Outra obra-prima que ganhou uma nova edição em espanhol é o famoso O Castelo de Areia , uma história fundamental de um dos grandes autores de romances policiais japoneses, Seicho Matsumoto .
Publicado originalmente em 1961, conta a história do inspetor de polícia Imanishi, que se depara com um caso desconcertante : o corpo de um homem com o rosto desfigurado aparece em uma estação de Tóquio. Então o inspetor tem que deixar seus bonsais e haicais para se aprofundar no caso. E depois de semanas seguindo pistas falsas, eles encerram o caso, mas ele se recusa a desistir e persiste.
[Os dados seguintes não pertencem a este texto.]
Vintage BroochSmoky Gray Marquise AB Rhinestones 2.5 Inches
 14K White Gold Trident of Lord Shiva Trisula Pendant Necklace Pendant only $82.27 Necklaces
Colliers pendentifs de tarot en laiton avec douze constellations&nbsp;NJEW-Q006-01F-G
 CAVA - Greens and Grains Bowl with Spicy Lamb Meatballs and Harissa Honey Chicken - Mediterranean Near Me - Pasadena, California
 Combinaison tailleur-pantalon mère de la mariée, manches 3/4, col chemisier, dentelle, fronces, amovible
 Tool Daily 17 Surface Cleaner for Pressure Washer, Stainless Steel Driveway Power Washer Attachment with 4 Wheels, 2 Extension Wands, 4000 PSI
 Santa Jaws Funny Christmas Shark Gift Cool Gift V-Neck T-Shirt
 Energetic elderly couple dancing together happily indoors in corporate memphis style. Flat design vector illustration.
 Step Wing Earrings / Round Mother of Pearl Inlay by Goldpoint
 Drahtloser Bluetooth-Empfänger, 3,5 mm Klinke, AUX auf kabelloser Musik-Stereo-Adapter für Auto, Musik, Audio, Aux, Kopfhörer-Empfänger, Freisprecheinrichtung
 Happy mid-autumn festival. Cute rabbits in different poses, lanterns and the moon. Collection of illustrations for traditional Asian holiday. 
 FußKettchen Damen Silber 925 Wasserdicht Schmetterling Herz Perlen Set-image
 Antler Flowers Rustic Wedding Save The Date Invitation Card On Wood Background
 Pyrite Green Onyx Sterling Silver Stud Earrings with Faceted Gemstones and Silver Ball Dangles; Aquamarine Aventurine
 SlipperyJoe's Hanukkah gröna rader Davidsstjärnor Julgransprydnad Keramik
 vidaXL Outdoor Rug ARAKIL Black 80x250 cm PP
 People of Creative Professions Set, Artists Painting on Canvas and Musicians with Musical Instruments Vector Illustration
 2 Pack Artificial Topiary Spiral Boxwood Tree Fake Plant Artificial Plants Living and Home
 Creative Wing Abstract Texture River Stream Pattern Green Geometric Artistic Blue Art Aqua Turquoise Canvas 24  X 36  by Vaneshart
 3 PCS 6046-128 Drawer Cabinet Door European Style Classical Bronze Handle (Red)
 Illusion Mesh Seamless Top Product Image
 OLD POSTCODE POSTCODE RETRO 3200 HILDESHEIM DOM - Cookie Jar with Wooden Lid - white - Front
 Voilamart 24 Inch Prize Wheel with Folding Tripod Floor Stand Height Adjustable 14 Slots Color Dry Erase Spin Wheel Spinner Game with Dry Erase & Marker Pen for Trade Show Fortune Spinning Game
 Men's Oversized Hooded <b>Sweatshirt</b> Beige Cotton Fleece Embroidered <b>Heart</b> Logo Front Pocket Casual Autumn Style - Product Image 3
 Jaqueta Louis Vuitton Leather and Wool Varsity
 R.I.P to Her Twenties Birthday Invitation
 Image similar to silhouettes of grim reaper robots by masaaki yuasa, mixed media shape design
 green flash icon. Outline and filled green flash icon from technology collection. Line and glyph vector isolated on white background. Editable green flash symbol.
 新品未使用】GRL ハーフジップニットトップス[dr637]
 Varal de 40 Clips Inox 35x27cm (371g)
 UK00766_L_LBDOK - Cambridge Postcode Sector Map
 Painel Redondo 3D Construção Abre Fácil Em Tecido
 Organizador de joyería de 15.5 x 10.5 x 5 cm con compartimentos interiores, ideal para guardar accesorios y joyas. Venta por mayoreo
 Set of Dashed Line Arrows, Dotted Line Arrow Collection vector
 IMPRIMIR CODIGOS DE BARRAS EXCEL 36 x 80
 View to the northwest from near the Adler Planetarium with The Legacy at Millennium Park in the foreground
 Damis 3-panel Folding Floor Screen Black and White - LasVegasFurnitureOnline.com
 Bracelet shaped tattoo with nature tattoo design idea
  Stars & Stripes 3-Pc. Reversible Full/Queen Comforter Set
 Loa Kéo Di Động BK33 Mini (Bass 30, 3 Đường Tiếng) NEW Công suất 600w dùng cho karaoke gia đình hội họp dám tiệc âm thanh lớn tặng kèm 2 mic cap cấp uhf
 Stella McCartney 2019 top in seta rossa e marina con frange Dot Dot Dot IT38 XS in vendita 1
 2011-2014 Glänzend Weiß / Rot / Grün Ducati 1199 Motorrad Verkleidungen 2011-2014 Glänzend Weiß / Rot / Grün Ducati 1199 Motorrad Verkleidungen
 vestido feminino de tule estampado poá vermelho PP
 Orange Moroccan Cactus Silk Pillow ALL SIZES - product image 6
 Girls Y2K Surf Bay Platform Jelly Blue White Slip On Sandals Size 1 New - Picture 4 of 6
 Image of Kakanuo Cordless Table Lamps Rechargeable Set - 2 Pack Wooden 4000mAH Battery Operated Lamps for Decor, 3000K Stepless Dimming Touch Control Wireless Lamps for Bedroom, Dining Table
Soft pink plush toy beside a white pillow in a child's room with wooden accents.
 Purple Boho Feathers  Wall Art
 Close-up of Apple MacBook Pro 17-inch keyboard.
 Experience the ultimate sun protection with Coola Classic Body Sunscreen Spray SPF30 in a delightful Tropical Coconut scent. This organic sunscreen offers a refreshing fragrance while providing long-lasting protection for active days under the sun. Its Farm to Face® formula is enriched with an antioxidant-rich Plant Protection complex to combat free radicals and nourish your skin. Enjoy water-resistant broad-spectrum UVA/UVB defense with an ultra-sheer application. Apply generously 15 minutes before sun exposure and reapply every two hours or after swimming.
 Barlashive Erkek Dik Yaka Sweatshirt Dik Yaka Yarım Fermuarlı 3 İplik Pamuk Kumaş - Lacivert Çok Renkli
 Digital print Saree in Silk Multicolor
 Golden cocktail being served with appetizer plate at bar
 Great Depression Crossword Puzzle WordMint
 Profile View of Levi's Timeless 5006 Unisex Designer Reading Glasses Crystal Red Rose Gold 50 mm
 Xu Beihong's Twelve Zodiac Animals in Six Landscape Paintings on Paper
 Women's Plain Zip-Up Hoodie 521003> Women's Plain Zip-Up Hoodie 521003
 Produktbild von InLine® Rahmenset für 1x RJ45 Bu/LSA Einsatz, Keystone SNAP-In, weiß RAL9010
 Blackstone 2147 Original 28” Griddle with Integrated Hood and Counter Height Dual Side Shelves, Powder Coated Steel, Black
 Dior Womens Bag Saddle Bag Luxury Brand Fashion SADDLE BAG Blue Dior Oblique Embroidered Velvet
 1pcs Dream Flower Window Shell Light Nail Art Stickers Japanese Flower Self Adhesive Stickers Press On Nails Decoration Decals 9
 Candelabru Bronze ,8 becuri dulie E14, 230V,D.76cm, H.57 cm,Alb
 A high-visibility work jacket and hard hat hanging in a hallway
Por meio do protagonista e sua esposa, Matsumoto mostra o Japão do século XX, sua gastronomia, arte, sociedade e cultura em uma paisagem de cidades.
A eles se junta Dorayaki , o romance de Durian Sukegawa que parece falar conosco em voz baixa e, pela primeira vez, pode ser lido em espanhol. À primeira vista, parece contar uma história menor ; basta ler mais para descobrir que ele propõe um caminho delicado em direção às questões mais profundas da existência humana.
Sentaro é um homem solitário que administra o negócio de bolos dorayaki para pagar uma dívida com seu trabalho. Tudo parece mecânico nesse processo, até que ele conhece Tokue, uma senhora muito especial que o oferece para ser seu empregado. O encontro, é claro, transforma a vida de Sentaro de forma gradual e profunda . É uma história que incorpora delicadamente uma perspectiva filosófica capaz de comover as pessoas.
No gênero curto, você pode ler as histórias perturbadoras de Child Hunting , da perturbadora Taeko Kōno . São uma série de histórias que retratam detalhes perturbadores do cotidiano, com uma irreverência capaz de falar sobre os desconfortos que acompanham a rejeição da maternidade, a relação com a morte, a sexualidade anormal e os traumas da infância. Todos esses são temas que permeiam sua obra com uma crueldade que não permite contemplação.
Durian Sukegawa. Arquivo Clarín.
Com autores mais secretos, mas igualmente significativos, a editora También el Caracol dedica a coleção “Floresta de Bambu” exclusivamente a autores japoneses. Entre eles, destacam-se dois livros de contos fundamentais, que renovaram o modo de escrever japonês: A primavera chega em carroça e Cabeças e barriga , ambos de Riichi Yokomitsu (1898-1947).
O escritor foi professor de Kawabata , mas ele permanece praticamente desconhecido. Suas histórias falam de seus próprios sofrimentos, às vezes autoinfligidos, e também dos outros, e, ao mesmo tempo, ele expõe a fragilidade de um território e de uma cultura em transição para um suposto progresso.
Embora esses autores não sejam todos os que circulam no país hoje, eles demonstram coletivamente a riqueza de uma tradição que contém uma diversidade de vozes, gêneros e estéticas que transcendem qualquer preconceito sobre o Oriente. Ao mesmo tempo, eles incorporam em sua leitura a possibilidade de estender os limites da nossa realidade em direção a outras formas de viver repletas da riqueza do desconhecido.